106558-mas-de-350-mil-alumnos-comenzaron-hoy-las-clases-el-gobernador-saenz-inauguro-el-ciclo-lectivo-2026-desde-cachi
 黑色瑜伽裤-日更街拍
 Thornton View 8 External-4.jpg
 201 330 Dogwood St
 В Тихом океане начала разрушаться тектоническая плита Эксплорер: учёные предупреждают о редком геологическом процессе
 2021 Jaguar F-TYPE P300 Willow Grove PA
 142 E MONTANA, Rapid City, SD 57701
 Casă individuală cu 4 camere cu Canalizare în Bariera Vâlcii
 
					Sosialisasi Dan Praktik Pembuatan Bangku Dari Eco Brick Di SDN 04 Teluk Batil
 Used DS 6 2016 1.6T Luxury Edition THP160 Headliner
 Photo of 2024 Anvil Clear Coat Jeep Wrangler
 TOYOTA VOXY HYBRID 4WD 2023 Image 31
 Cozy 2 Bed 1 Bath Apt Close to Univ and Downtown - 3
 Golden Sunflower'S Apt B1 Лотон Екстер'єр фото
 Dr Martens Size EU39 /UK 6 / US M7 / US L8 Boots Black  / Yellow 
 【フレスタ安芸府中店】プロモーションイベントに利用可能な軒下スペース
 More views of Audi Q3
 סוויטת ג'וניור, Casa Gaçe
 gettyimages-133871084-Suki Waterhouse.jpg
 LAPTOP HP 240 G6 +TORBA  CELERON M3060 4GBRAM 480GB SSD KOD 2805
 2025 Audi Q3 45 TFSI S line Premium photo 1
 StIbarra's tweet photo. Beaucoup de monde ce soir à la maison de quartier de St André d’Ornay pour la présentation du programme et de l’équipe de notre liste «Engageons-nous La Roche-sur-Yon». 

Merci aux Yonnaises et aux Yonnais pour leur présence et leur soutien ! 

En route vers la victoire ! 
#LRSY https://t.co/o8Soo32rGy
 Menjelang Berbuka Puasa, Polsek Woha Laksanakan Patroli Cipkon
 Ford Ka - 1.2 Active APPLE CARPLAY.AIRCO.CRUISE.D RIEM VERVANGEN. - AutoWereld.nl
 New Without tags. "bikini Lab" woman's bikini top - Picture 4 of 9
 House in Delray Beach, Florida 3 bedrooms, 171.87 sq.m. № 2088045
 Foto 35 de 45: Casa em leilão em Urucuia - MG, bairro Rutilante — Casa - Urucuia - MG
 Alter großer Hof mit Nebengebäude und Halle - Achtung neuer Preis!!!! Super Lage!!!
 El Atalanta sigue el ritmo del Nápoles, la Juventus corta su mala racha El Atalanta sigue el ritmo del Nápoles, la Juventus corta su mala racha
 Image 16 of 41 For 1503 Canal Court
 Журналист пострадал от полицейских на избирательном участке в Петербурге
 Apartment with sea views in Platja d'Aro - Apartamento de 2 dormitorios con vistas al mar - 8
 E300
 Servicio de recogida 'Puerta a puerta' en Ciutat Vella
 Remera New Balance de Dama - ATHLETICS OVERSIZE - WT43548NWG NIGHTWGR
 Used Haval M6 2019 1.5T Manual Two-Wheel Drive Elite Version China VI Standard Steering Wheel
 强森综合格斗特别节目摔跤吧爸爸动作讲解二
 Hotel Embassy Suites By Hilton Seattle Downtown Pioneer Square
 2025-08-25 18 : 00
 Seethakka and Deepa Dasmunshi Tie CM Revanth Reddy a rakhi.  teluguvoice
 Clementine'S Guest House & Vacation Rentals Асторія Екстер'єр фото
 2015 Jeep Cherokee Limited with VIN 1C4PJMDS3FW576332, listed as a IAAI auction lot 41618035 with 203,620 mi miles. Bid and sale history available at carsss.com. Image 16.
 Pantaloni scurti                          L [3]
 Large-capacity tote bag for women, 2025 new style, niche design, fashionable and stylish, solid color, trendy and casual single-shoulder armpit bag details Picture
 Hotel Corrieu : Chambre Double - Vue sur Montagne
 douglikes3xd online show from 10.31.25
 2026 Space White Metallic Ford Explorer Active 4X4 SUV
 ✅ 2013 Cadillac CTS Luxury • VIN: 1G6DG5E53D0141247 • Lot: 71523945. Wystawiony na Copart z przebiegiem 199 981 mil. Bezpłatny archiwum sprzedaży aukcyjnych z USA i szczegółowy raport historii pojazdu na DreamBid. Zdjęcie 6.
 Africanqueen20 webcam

----

:: Work item ::
What you output must be the lines from the opening of the material above up to and including the line with "2025 Audi Q3 45 TFSI S line Premium photo 1", reproduced exactly.

:: Answer space ::
106558-mas-de-350-mil-alumnos-comenzaron-hoy-las-clases-el-gobernador-saenz-inauguro-el-ciclo-lectivo-2026-desde-cachi
 黑色瑜伽裤-日更街拍
 Thornton View 8 External-4.jpg
 201 330 Dogwood St
 В Тихом океане начала разрушаться тектоническая плита Эксплорер: учёные предупреждают о редком геологическом процессе
 2021 Jaguar F-TYPE P300 Willow Grove PA
 142 E MONTANA, Rapid City, SD 57701
 Casă individuală cu 4 camere cu Canalizare în Bariera Vâlcii
 
					Sosialisasi Dan Praktik Pembuatan Bangku Dari Eco Brick Di SDN 04 Teluk Batil
 Used DS 6 2016 1.6T Luxury Edition THP160 Headliner
 Photo of 2024 Anvil Clear Coat Jeep Wrangler
 TOYOTA VOXY HYBRID 4WD 2023 Image 31
 Cozy 2 Bed 1 Bath Apt Close to Univ and Downtown - 3
 Golden Sunflower'S Apt B1 Лотон Екстер'єр фото
 Dr Martens Size EU39 /UK 6 / US M7 / US L8 Boots Black  / Yellow 
 【フレスタ安芸府中店】プロモーションイベントに利用可能な軒下スペース
 More views of Audi Q3
 סוויטת ג'וניור, Casa Gaçe
 gettyimages-133871084-Suki Waterhouse.jpg
 LAPTOP HP 240 G6 +TORBA  CELERON M3060 4GBRAM 480GB SSD KOD 2805
 2025 Audi Q3 45 TFSI S line Premium photo 1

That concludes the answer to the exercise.